Extracted records:
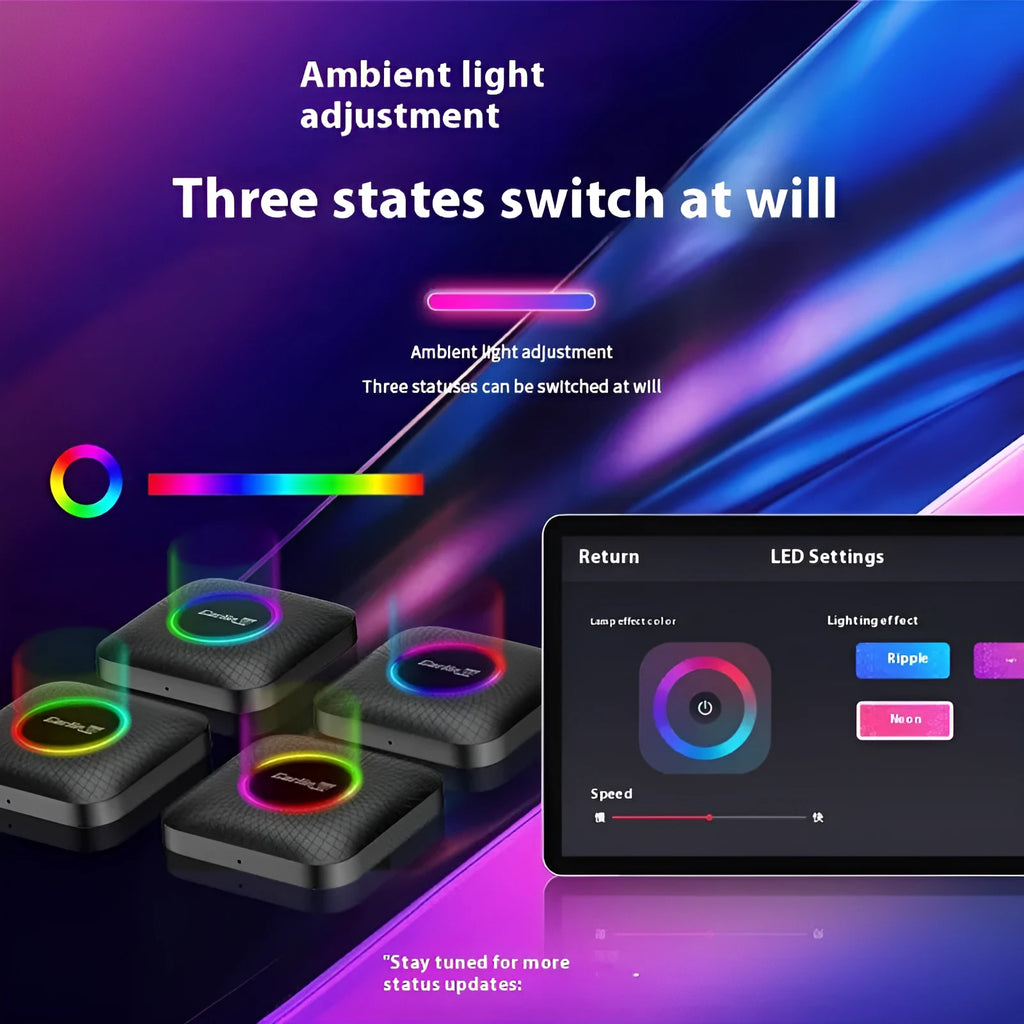 Carplay smart car networking box wired to wireless Qualcomm Eurasian version with two data cables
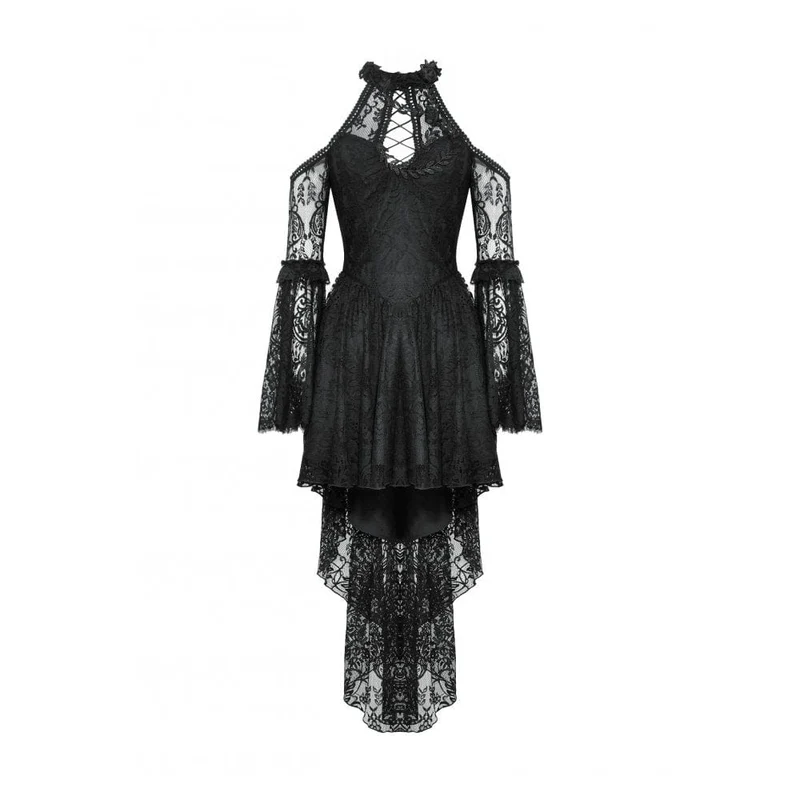 Gothic-Abendkleid aus Spitze mit schulterfreiem High/Low-Ausschnitt für Damen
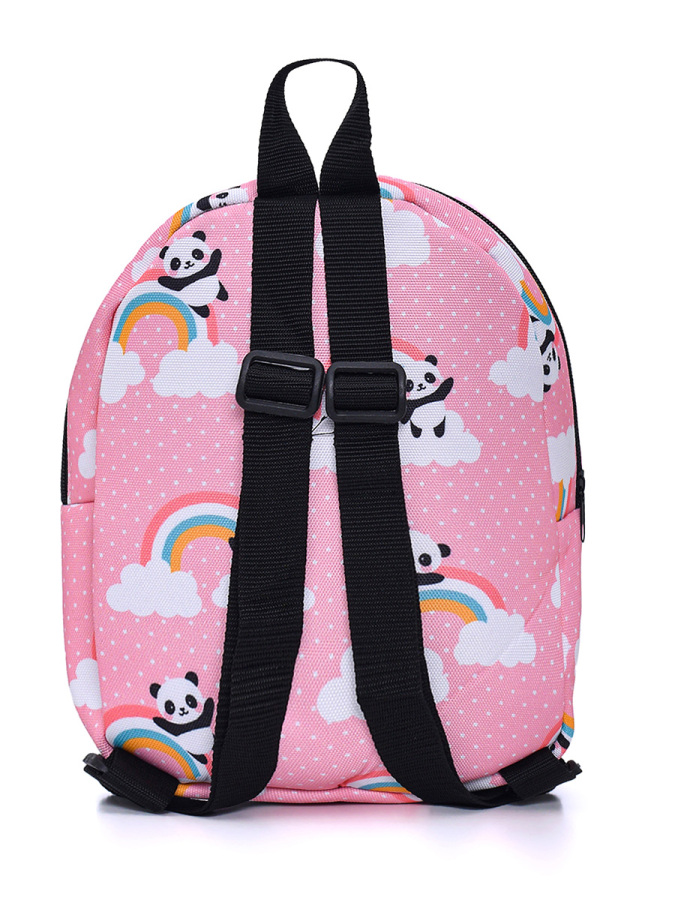 Pembe Panda Eğlenceli Baskı Tek Bölmeli Kreş Çanta - 3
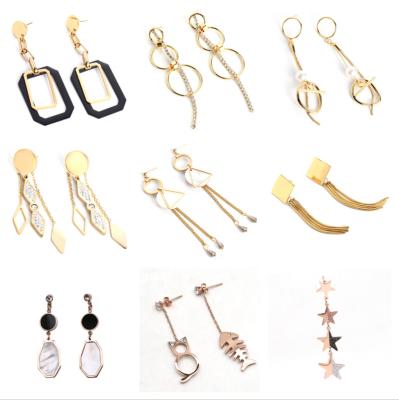 China TRENDY 18K Gold Plated Stainless Steel Wholesale Fancy Earring Fashion Feminine Women Earrings Design For Party Girls for sale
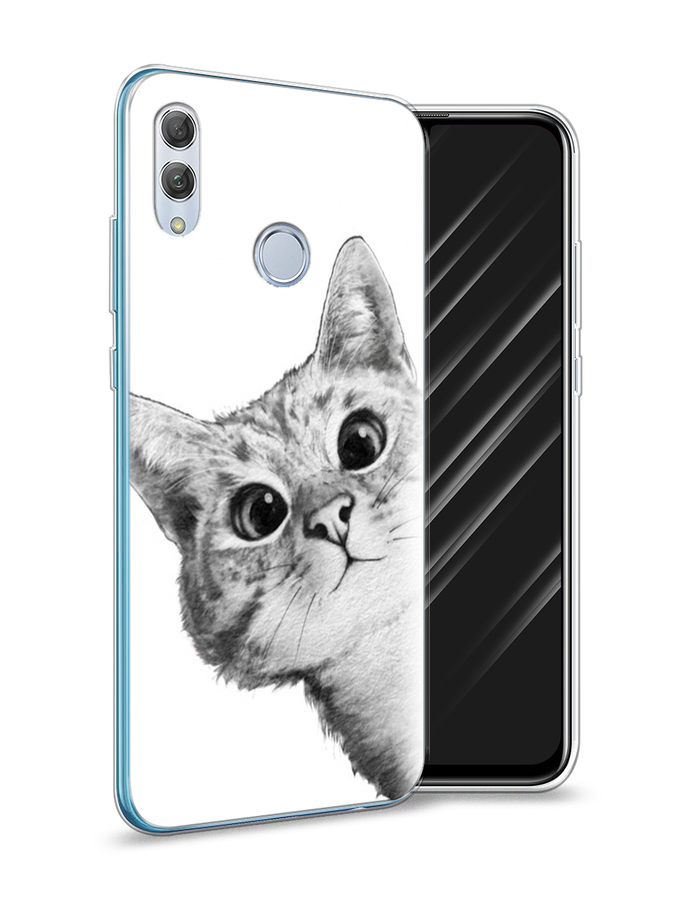 

Чехол Awog на Honor 10 Lite "Кот рисунок черно-белый", Черный, 67550-1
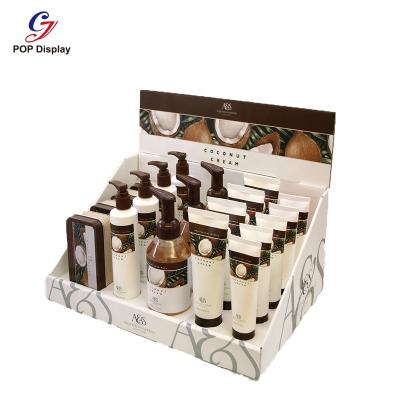 China Beautiful Recycled Materials Custom Logo Printing Corrugated Cosmetic Counter Top Displays Cardboard Display Paper PDQ Counter For Skin Care for sale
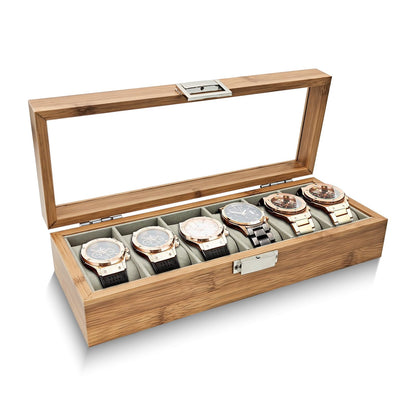 WisePoint Watch Box 6 Slot, Wooden Watch Case Watch Holder with Removable Cushion, Retro Watch Box Watch Storage Box for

## Try it
Without the pictures, repeat the entries above line by line, from the first through the one that contains "China TRENDY 18K", both ends included.

## Output below
 Carplay smart car networking box wired to wireless Qualcomm Eurasian version with two data cables
 Gothic-Abendkleid aus Spitze mit schulterfreiem High/Low-Ausschnitt für Damen
 Pembe Panda Eğlenceli Baskı Tek Bölmeli Kreş Çanta - 3
 China TRENDY 18K Gold Plated Stainless Steel Wholesale Fancy Earring Fashion Feminine Women Earrings Design For Party Girls for sale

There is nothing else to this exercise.